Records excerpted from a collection
Content starts

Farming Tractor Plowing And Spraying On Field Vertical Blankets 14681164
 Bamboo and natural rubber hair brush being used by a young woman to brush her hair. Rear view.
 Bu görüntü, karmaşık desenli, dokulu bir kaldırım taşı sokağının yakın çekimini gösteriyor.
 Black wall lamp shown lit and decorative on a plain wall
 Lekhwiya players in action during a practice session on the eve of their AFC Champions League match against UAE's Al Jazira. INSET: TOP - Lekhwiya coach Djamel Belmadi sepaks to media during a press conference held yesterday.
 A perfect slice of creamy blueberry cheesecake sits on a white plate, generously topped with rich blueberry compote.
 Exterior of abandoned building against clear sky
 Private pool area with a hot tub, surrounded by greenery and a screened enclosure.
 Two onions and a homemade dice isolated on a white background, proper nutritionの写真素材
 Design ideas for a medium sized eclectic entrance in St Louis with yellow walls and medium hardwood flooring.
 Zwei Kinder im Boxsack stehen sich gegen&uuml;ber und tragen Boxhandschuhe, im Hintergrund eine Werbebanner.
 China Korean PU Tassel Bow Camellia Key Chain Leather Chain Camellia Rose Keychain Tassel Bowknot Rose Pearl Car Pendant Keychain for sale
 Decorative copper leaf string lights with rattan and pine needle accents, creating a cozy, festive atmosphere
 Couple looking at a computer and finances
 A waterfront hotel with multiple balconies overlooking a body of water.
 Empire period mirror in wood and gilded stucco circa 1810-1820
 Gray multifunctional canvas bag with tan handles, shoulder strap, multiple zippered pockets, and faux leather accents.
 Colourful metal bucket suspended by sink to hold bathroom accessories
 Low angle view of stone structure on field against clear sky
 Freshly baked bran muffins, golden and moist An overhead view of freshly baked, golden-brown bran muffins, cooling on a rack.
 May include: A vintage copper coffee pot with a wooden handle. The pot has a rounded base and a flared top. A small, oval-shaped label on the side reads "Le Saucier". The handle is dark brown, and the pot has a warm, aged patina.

Content ends

**Task prompt**
Which of the lines above include the word "multiple"? List those lines.

**Your response**
 A waterfront hotel with multiple balconies overlooking a body of water.
 Gray multifunctional canvas bag with tan handles, shoulder strap, multiple zippered pockets, and faux leather accents.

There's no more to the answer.